C’est, diront certains, un système socialiste que l’on nous propose ici et que Histoire aurait mis en cause. Mais qu’avons-nous d’autre à suggérer lorsque les privatisations au titre d’un ajustement structurel visant à instaurer un système soi-disant libéral aboutissent à enrichir ceux que la rente esclavagiste et féodale a déjà enrichis, lorsqu’au versant de ce système, une démocratie clonée consolide des pouvoirs millénaristes opposés à toute évolution sociale et lorsqu’il n’existe aucune cloison entre les entreprises privées et les institutions de gestion des ressources publiques ?

Restitution des biens pillés

La plus difficile des actions à entreprendre dans ce domaine sera l’indispensable restitution des biens pillés depuis l’indépendance par des personnes militaires et surtout civiles bien connues, dont il est facile d’établir la liste.

Pour assurer le succès de cette action plus que salutaire, il serait nécessaire de promulguer une loi qualifiant de crimes imprescriptibles les infractions de détournement des biens publics de toutes natures.

Il est également utile de créer une juridiction spéciale pour la restitution de ces biens suivant des instruments procéduraux et processuels s’appuyant sur une commission d’enquêté formée d’anciens commissaires de Police et officiers de Gendarmerie nationale.

Tous les anciens hauts responsables et leurs épouses, en l’occurrence les présidents, les premiers ministres, les ministres, les ambassadeurs, les gouverneurs de la Banque Centrale de Mauritanie et leurs adjoints, les Commissaires à la Sécurité Alimentaire, les Directeurs de cabinet du Président ou du Premier ministre, les Secrétaires généraux des ministères, les directeurs d’établissement publics, les chefs d’Etat major de l’Armée, de la Garde nationale, de la Gendarmerie nationale, les directeurs des Douanes, du Budget, du Trésor, les walis, ainsi que les principaux hommes d’affaires, devront envoyer la liste de leurs biens et se tenir prêts à les justifier devant la commission d’enquête.

C’est une tâche immense et d’autant plus difficile qu’elle pourrait inquiéter de nombreuses personnes craignant d’être l’objet de règlement de comptes ou ayant créé une base sociale grâce au vol des biens publics, alors qu’elles sont sans racine dans leur propre milieu.

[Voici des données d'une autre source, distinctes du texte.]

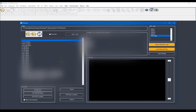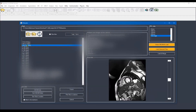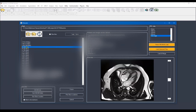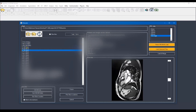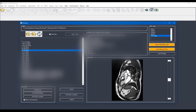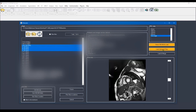To perform feature tracking you have to have semi-short axis slices covering the whole ventricle in order to perform the circumferential and radial strain, and also to have the three long axes — the four chamber, two chamber and three chamber — in order to perform the longitudinal strain. I'm going to select all these files and then load selected files.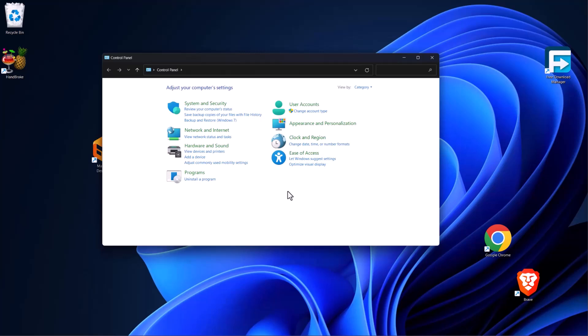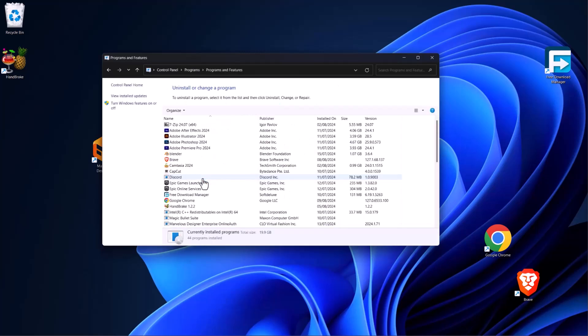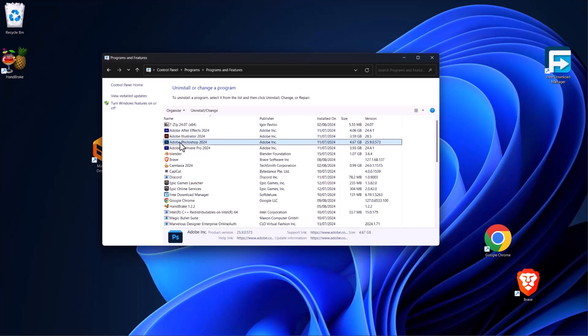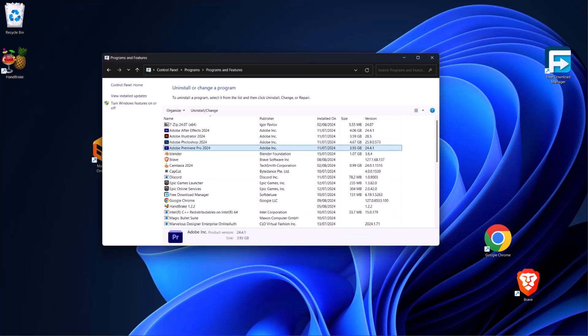You just uninstall the product you are facing the problem with right now. I was facing the problem with Adobe Photoshop, so I will uninstall this, and when I go to install it again from my Adobe suite, the error will be gone.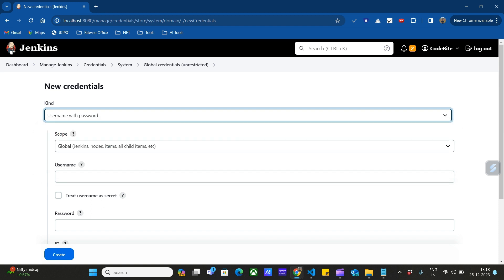Then we have to enter the scope of the credential we're storing. The scope of this username and password will be Jenkins, all of the nodes that will be connected to it, items, and all the child items.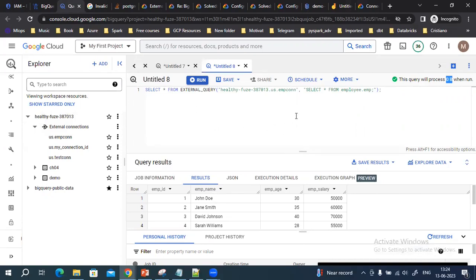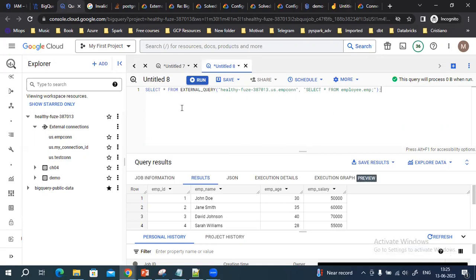If you run a query on a table where the data is stored in BigQuery itself, you'll see how much data it's going to scan. This way you can run queries on Cloud SQL through BigQuery. You can also create connections with other databases like Cloud Spanner and others. That's all, thank you.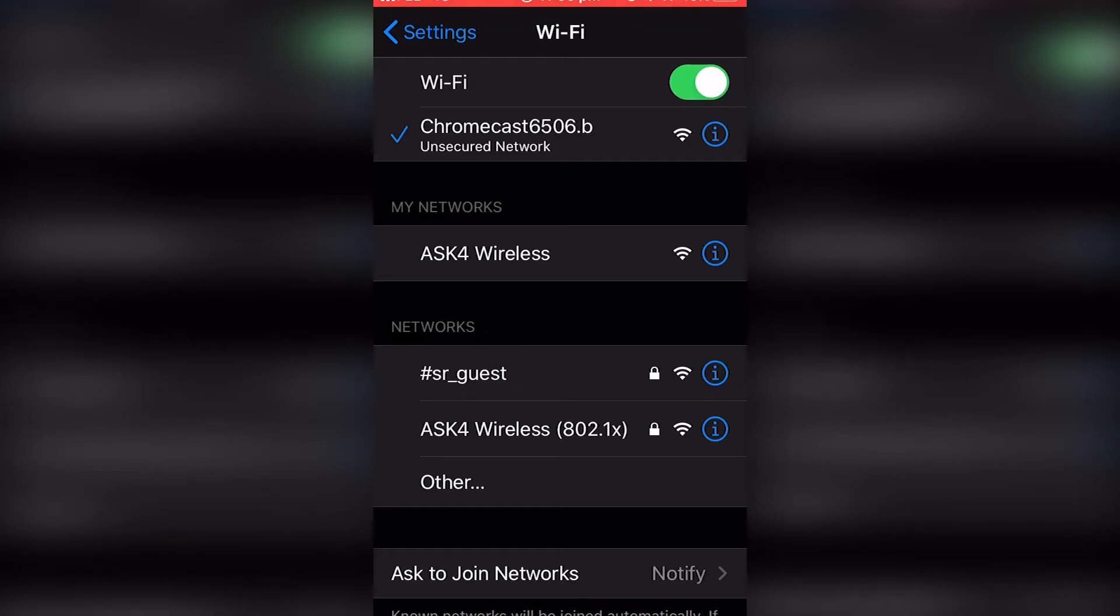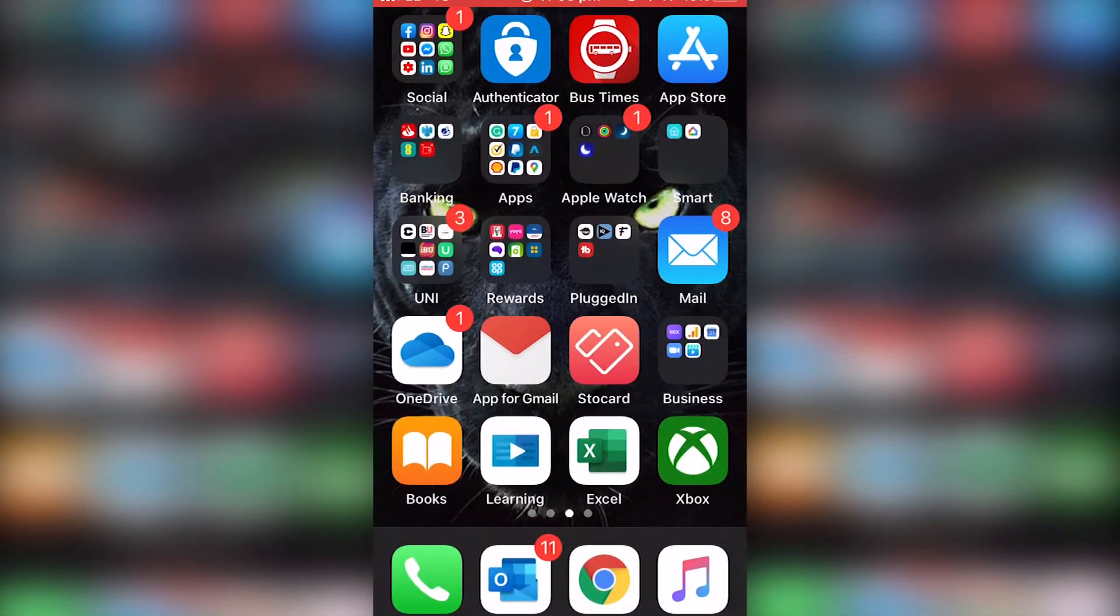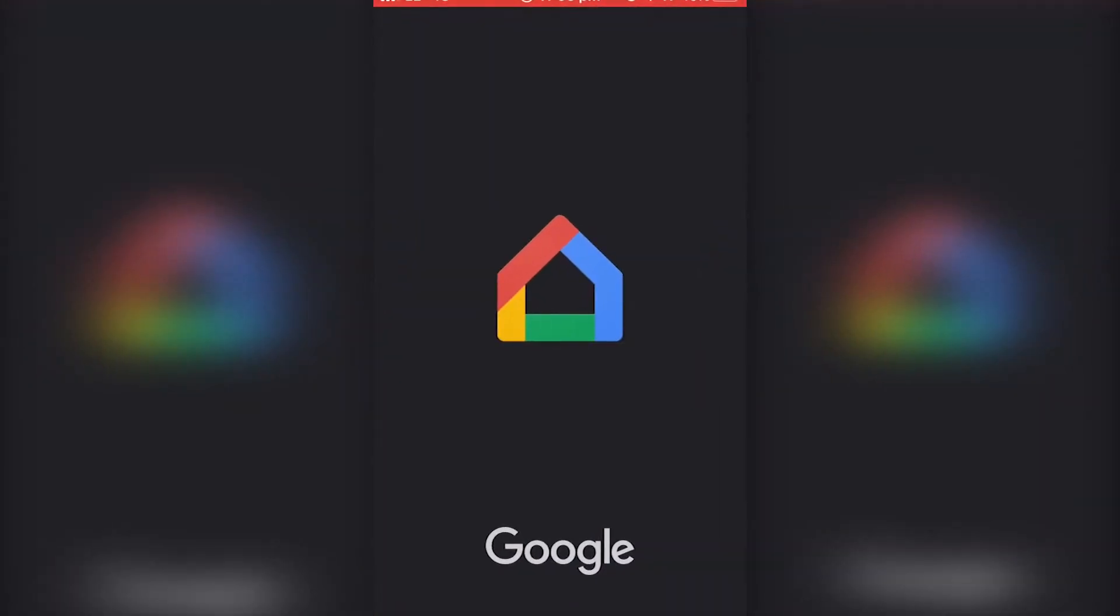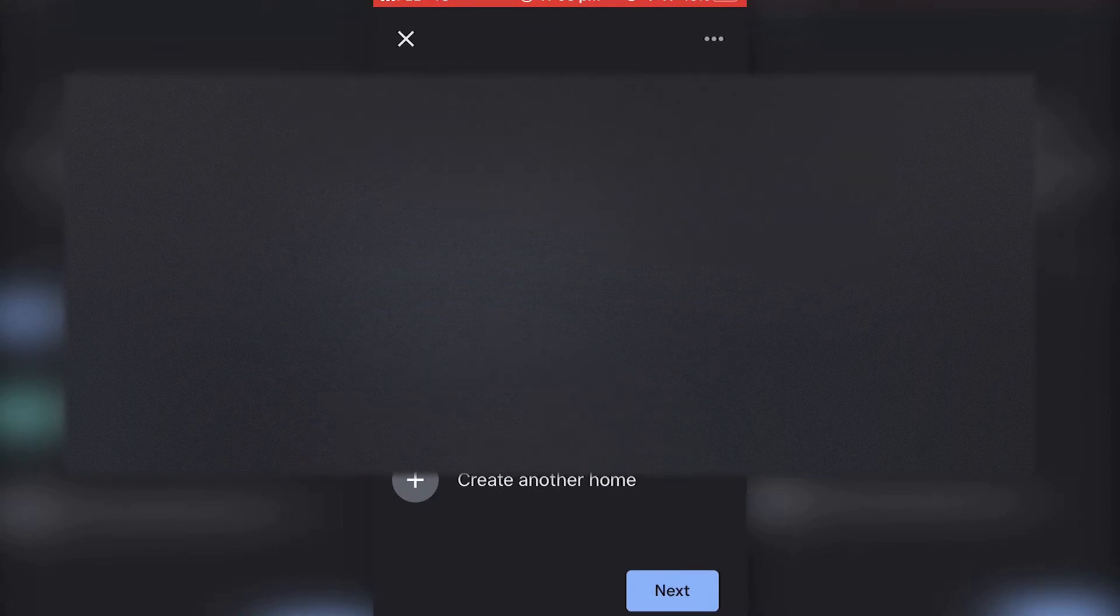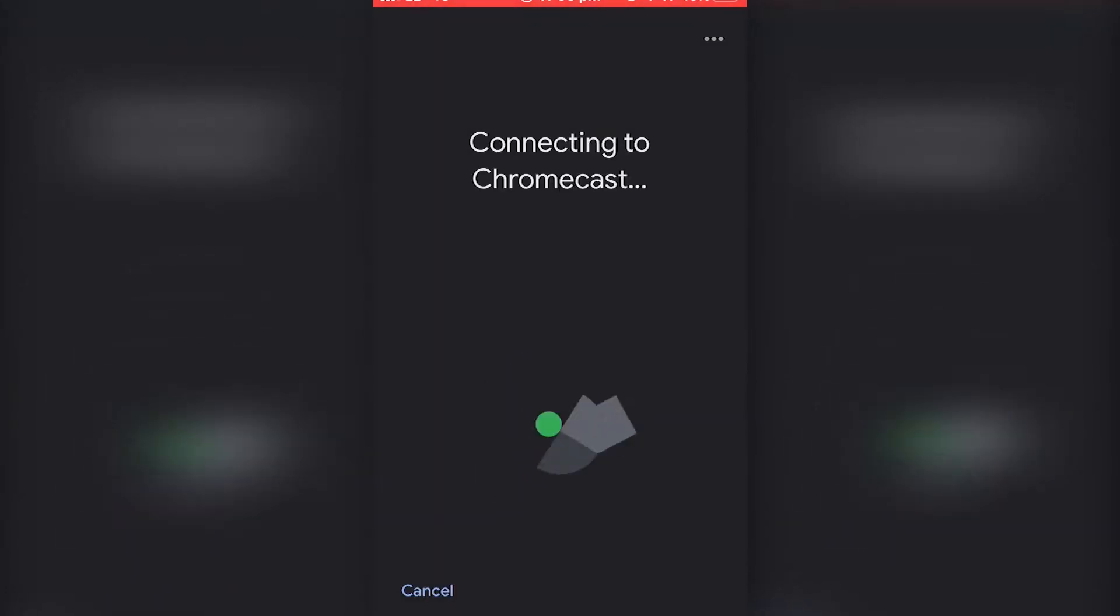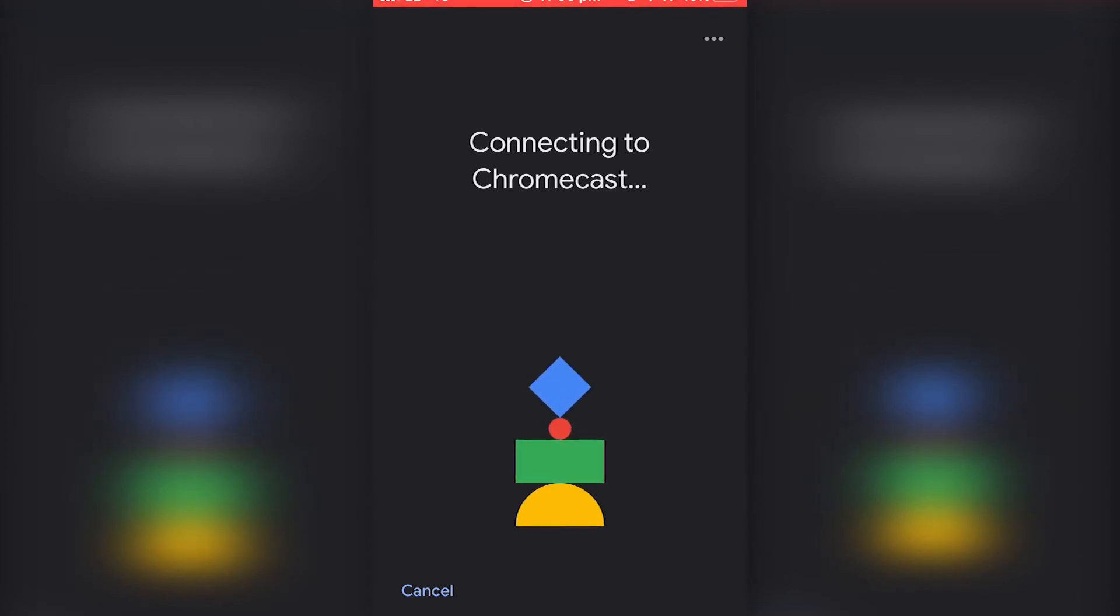To connect your Chromecast, you're going to simply want to go to the Google app and start the procedure of setting up a Chromecast. As you can see, there'll be a code on the TV where you're setting it up and it should match the code on your phone.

Elle est également difficile parce qu’elle semble contraire au tempérament d’un Président détestant le sensationnel et pouvant se réfugier derrière le proverbe guerrier selon lequel « la dignité est un mauvais sort ».

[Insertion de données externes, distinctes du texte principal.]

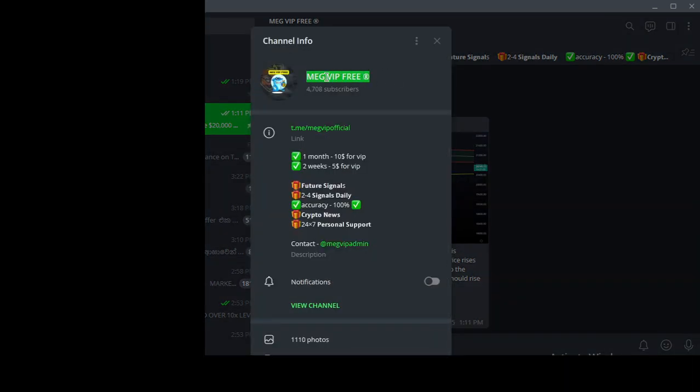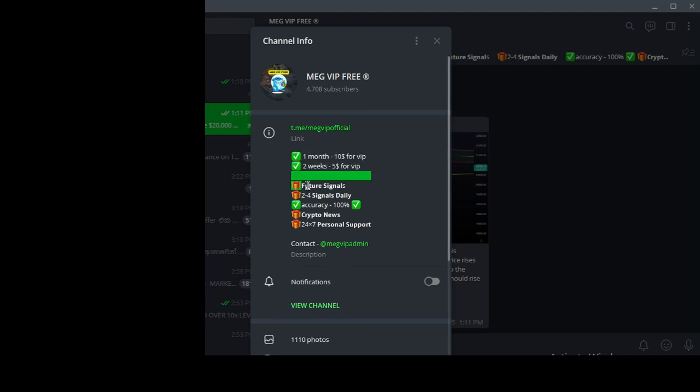Hello friends, welcome to MEG VIP group. This is our VIP community. You can also earn money like this if you follow MEG VIP group.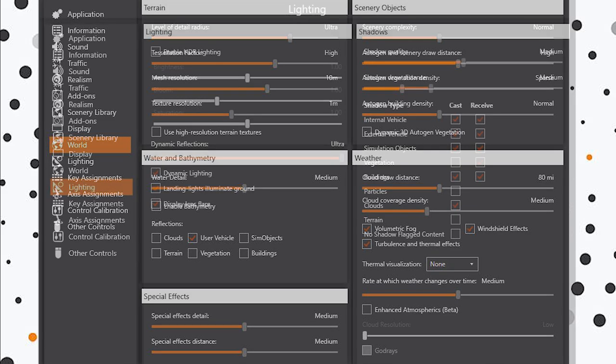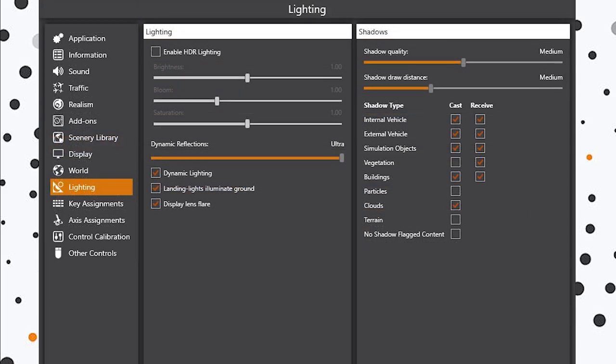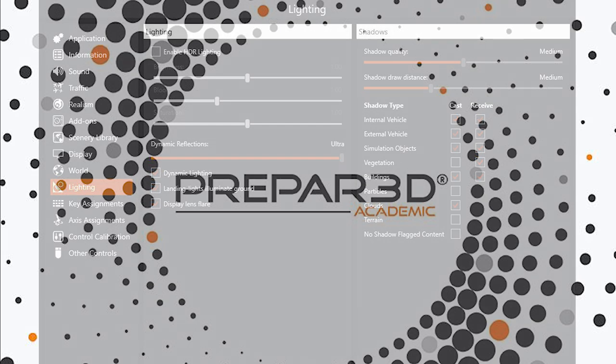Finally we move on to lighting, the final section. You can see that I'm not using HDR, and this is mainly because I personally like the way the sim looks without it. HDR for me makes things look a little bit too dark and unrealistic, but that's just my opinion. I've got dynamic reflections set to ultra with dynamic lighting, landing lights illuminate the ground, and display lens flare enabled. For shadows, I've got the quality and draw distance set to medium. That works pretty well for me. You can see I've got various different types of shadows enabled for casting and receiving. These are my own preference and they will affect performance, so you might want to tweak around to see what works best for you.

Mais Monsieur le Président devra interroger les derniers arbis d’une époque révolue où la magnanimité avait un sens, pour s’assurer que ce proverbe ne signifie nullement que la dignité doive voler au secours de l’ignominie, du vol au grand jour et du viol manifeste des consciences. Elle signifie qu’on doit se résigner parfois à perdre la vie au lieu d’abandonner un ami sur le champ de bataille.

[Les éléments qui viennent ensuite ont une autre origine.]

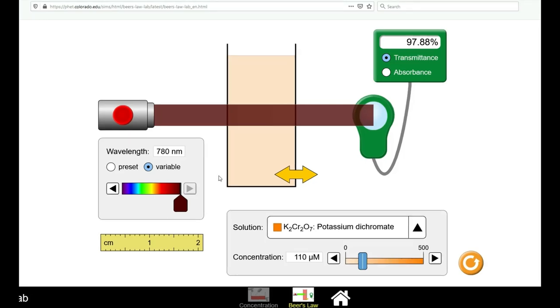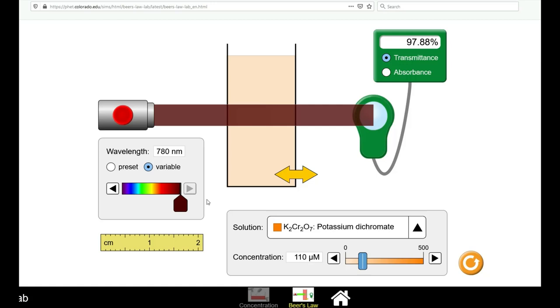Once you have recorded all of the data for your absorbance spectrum, you will be plotting this as a function of absorbance on the y-axis versus the wavelength on the x-axis. You will then use this absorbance spectra to determine what is the most appropriate wavelength to choose for a calibration curve. This would be the wavelength that has the highest absorbance.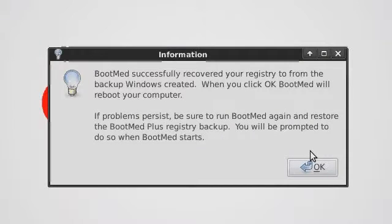Okay, BootMed Plus has recovered my registry. When I click okay, the computer will remove the BootMed Plus CD and allow Windows to try to start.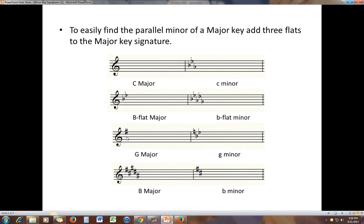G major has one sharp. When you add three flats to a key signature with sharps, each flat will cancel out one sharp. So adding three flats to G major, one of those flats cancels out the F sharp, and then we add two more flats, leaving us with two flats — B flat and E flat — which are always the first two flats added in any key signature. B major has five sharps. If you add three flats to five sharps, those three flats cancel out three of those sharps, and you're left with two sharps for B minor.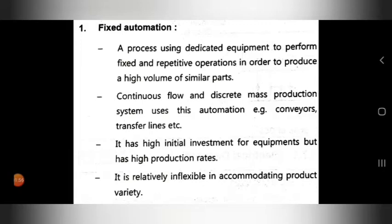Fixed automation has a high initial investment for equipment, but also has high production rates. So the investment is high and the production rate is also high.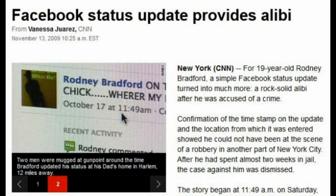Now that his innocence has been demonstrated, Bradford has hired civil attorney Herbert L. Schmell, who says they are 99.9% sure that they will be filing a civil suit against the city. Based upon what I see, there was no probable cause to arrest him at the time, Schmell said, and to put him in Rikers for 12 or 13 days. We are seeking money damages.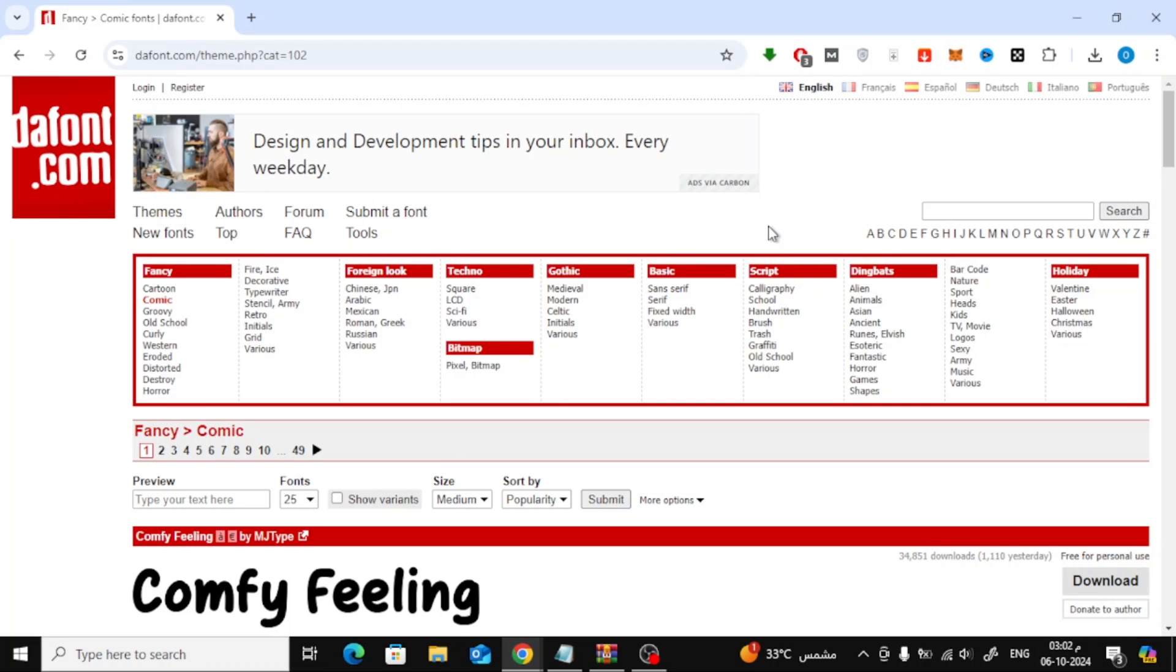Welcome back to the channel. In today's video, I'm going to show you how to add a new font to Nitro PDF. It's super easy and straightforward, so let's jump right into it.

Or, dans notre cas, il ne s’agit pas d’un ami qu’on abandonnerait, mais d’un peuple tout entier qu’on laisserait gésir sur le champ du mépris et de la famine, après avoir été spolié au grand jour de toutes ses richesses.

Peur de la déception

Les Mauritaniens dont une grande majorité se voit dans le miroir du nouveau régime après avoir perdu l’espoir d’un retour aux sources de leur pays, ont peur d’être déçus et surtout d’être obligés d’imposer par la force, comme d’autres peuples l’ont fait ailleurs, la restitution de leurs richesses spoliées.

Il est certes désagréable et douloureux de s’affronter à un régime dirigé par des hommes dignes d’estime et de confiance, mais hélas, on ne peut que choisir la survie de tout un peuple plutôt que celle d’un régime lorsqu’il s’entête à couvrir de son propre manteau, la trace des voleurs de grands chemins.

Faut-il alors oublier que notre passé est bien devant nous et qu’il demeure aussi incontournable qu’impitoyable ? Doit-on laisser aux assauts de la colère le soin de défoncer notre porte au lieu de l’ouvrir, nous-mêmes, sagement en nous mettant à l’abri des éclats imprévisibles de l’anarchie ? Faut-il continuer à se fier au repos des écumes, comme l’ont fait, en leur temps, les dirigeants algériens, tunisiens, iraquiens et libanais en pariant sur l’hypothétique insensibilité sans limite de leur peuple ?

Nous n’avons pas besoin de réponse à ces questions en laissant le soin de le faire au tsunami universel qui secoue déjà l’Amérique Latine, l’Afrique du Nord, l’Europe, l’Asie et le Moyen-Orient.